American Premier Underwriters
- Company type: Publicly traded
- Industry: Insurance
- Founded: 1846
- Headquarters: Cincinnati, Ohio, U.S.
- Products: Property insurance Casualty insurance

= American Premier Underwriters =

American insurance company

American Premier Underwriters is a property and casualty insurance company, headquartered in Cincinnati, Ohio. Prior to 1995, the company was known as the Penn Central Corporation. In addition to casualty insurance, the company is also in the business of fire and marine insurance.

==History==
===19th century===
During the 19th century, the company, established on April 13, 1846, was owned by the Pennsylvania Railroad.

===20th century===
On March 25, 1994, the company changed its name from Penn Central Corporation to American Premier Underwriters Inc.

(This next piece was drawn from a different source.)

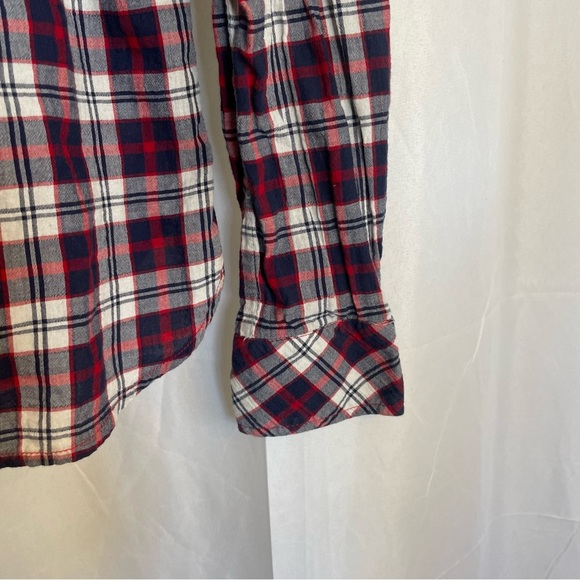 TOMMY HILFIGER Women’s Red Navy Plaid Button Down Long Sleeve Shirt Size Small - Picture 8 of 13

In December 1994, the company, which was 40.4 percent owned by the American Financial Corporation, announced that it would be acquiring the parent company in a stock merger. The combined company became known as American Financial Group.

In 1995, as a publicly traded company, APU reportedly had 5,400 employees and sales of $1.8 billion.

===21st century===
In 2008, the company sued Amtrak to force the passenger railroad company to redeem shares that Penn Central received at the time it transferred much of its passenger rail assets to Amtrak. The case was dismissed seven years later, in 2015.